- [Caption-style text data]
- - - - - - -

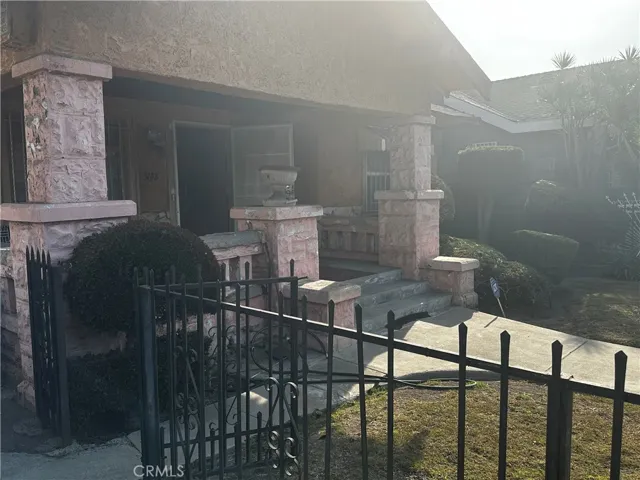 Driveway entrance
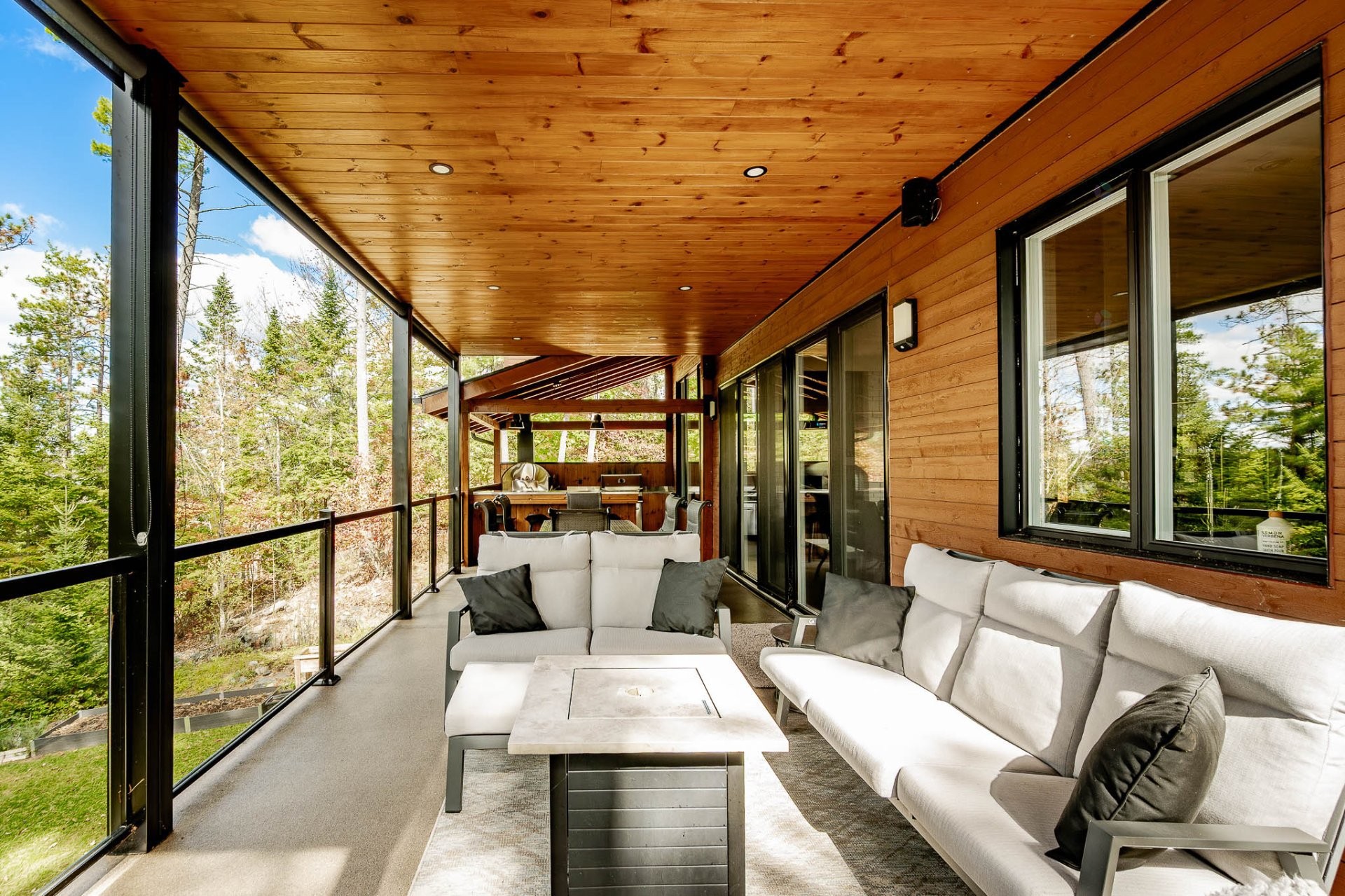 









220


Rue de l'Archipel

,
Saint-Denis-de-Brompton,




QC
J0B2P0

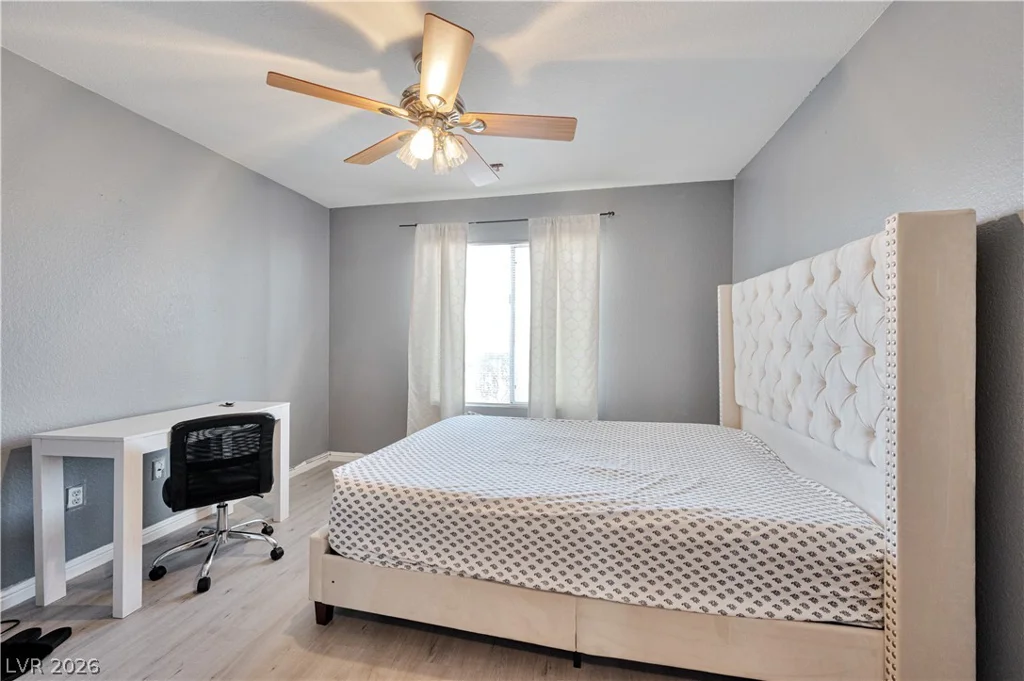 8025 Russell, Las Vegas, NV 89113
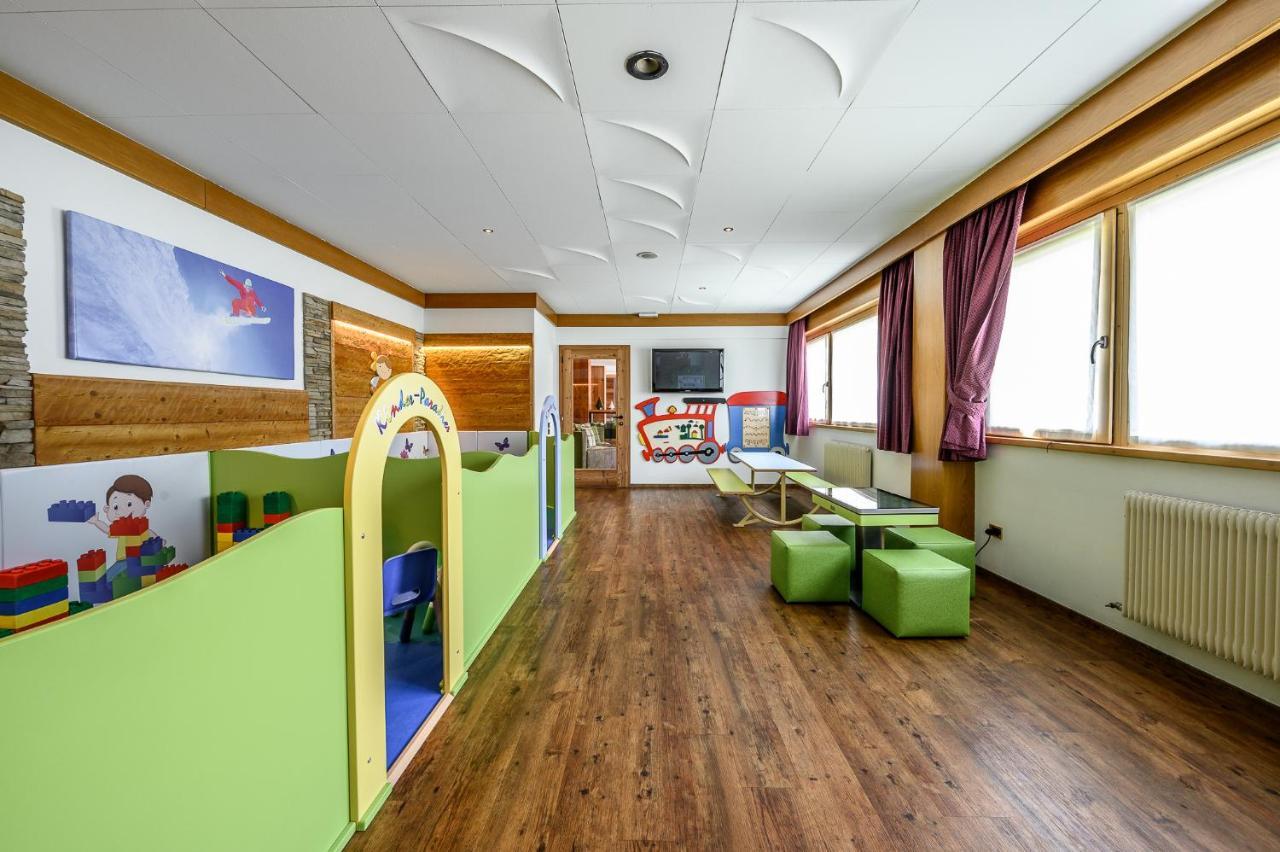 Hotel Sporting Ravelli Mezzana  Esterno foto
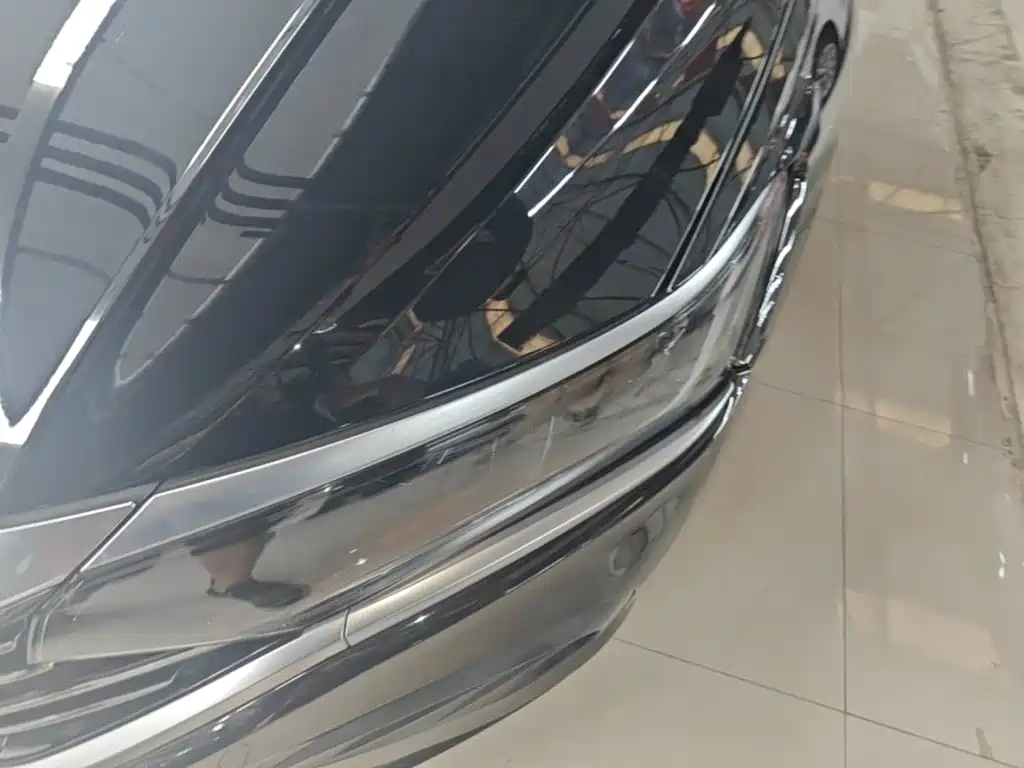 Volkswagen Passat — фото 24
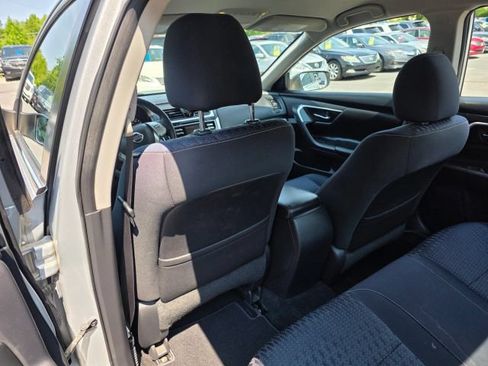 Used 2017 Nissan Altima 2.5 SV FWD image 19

- - - - - - -

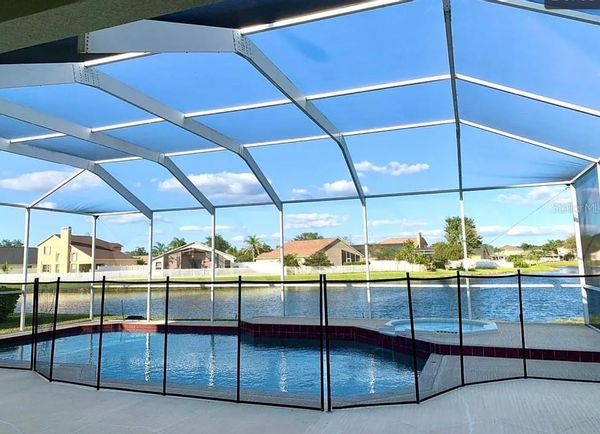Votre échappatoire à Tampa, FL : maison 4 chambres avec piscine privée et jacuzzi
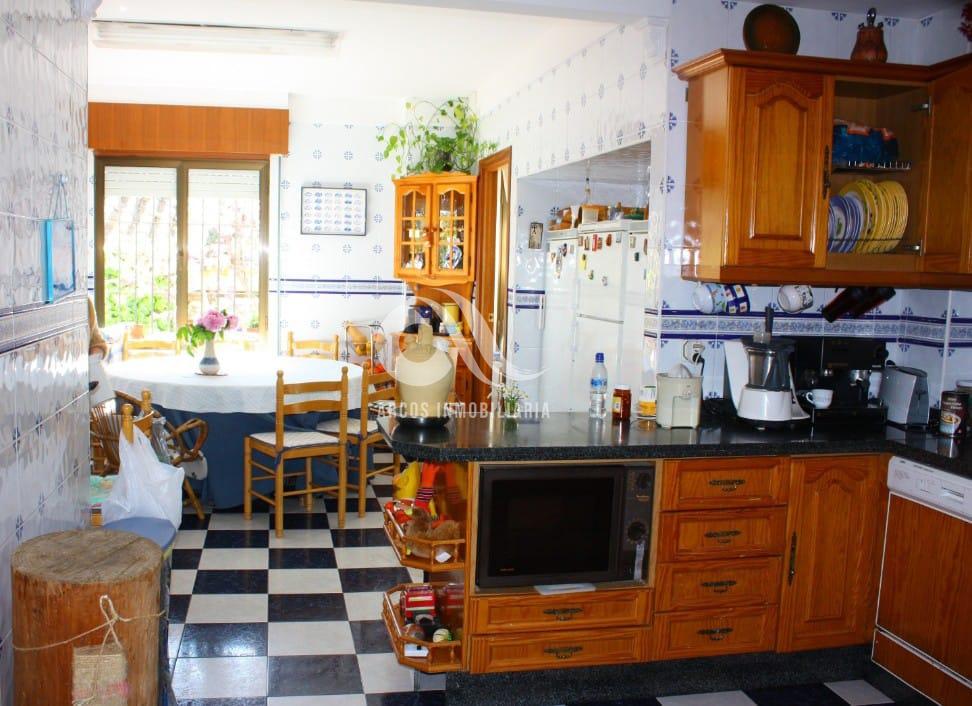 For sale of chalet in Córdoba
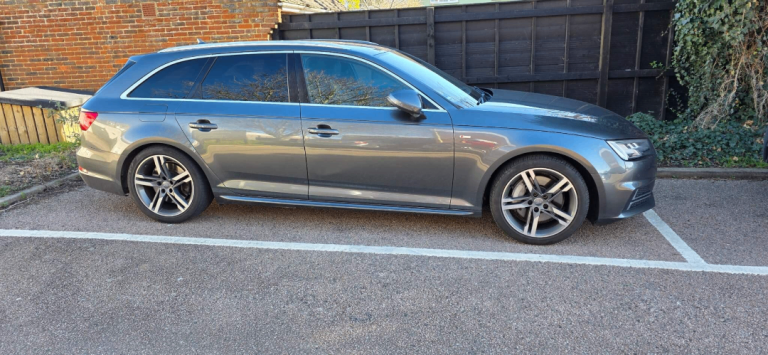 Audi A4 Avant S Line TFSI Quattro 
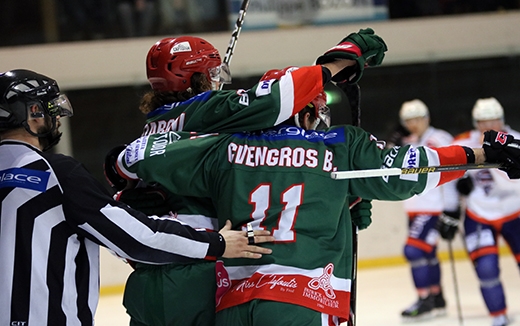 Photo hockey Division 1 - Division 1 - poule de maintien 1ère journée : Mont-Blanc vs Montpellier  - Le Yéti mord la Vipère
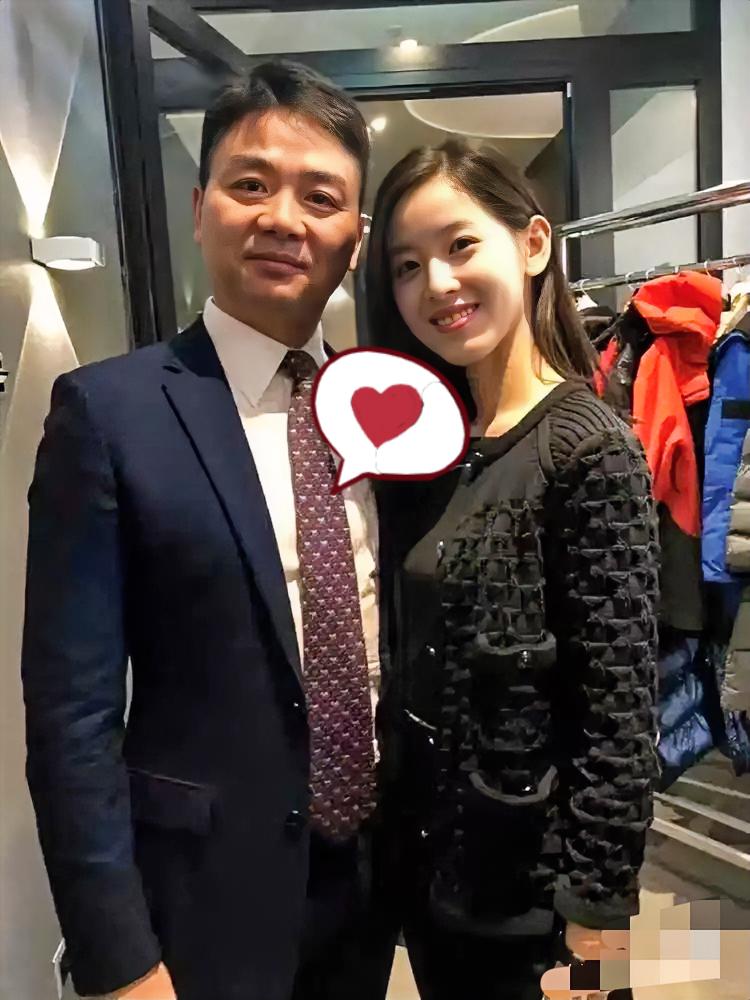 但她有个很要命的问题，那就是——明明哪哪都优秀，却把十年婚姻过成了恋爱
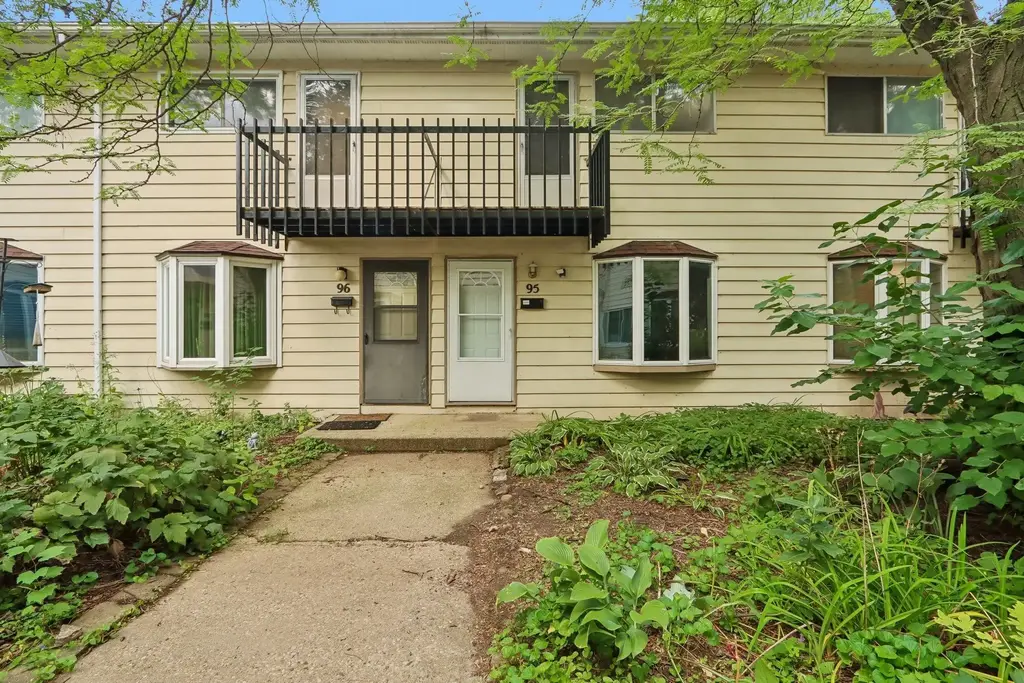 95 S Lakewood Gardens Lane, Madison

- - - - - - -

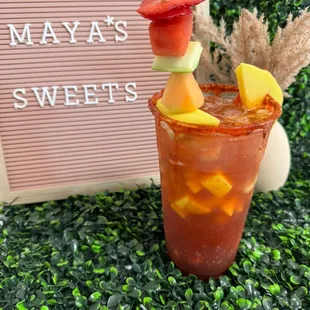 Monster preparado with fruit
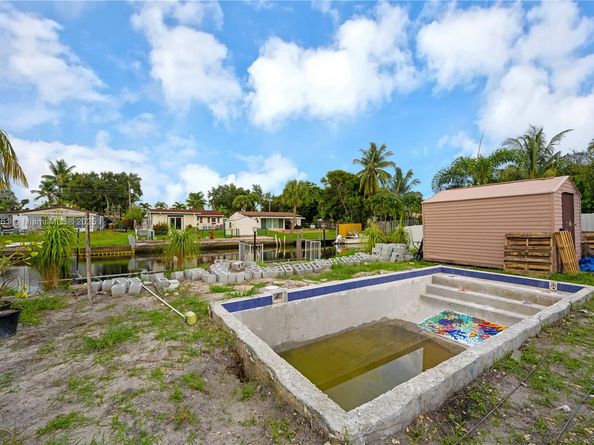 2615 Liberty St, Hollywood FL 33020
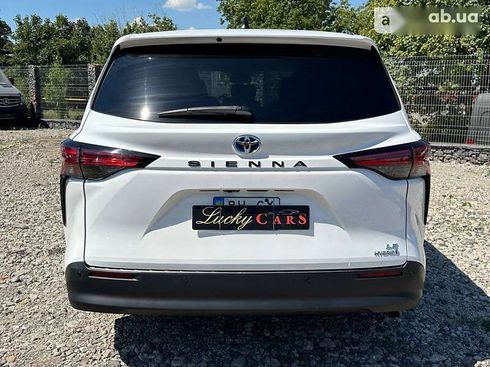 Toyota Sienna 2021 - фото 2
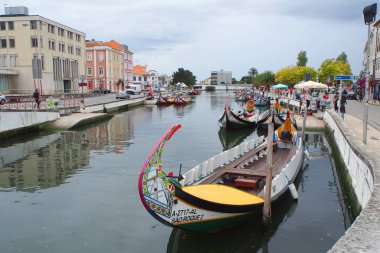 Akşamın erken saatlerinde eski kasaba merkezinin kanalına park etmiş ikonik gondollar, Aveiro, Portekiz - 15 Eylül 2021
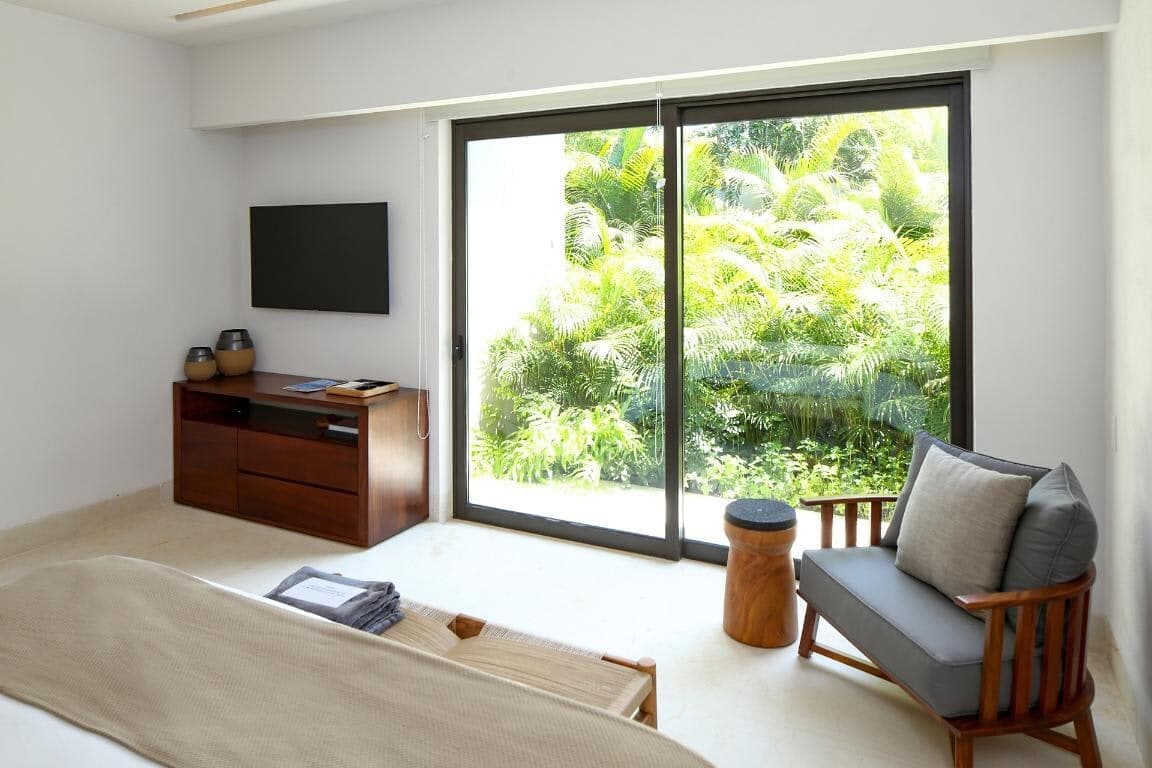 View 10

- - - - - - -

- [About this task]
From the records above, give again only the part that opens with the line containing "但她有个很要命的问题，那就是——明明哪哪都优秀，却把十年婚姻过成了恋爱" and closes with the line containing "95 S Lakewood Gardens Lane, Madison". Keep both ends but drop the pictures.

- [Solution]
 但她有个很要命的问题，那就是——明明哪哪都优秀，却把十年婚姻过成了恋爱
 95 S Lakewood Gardens Lane, Madison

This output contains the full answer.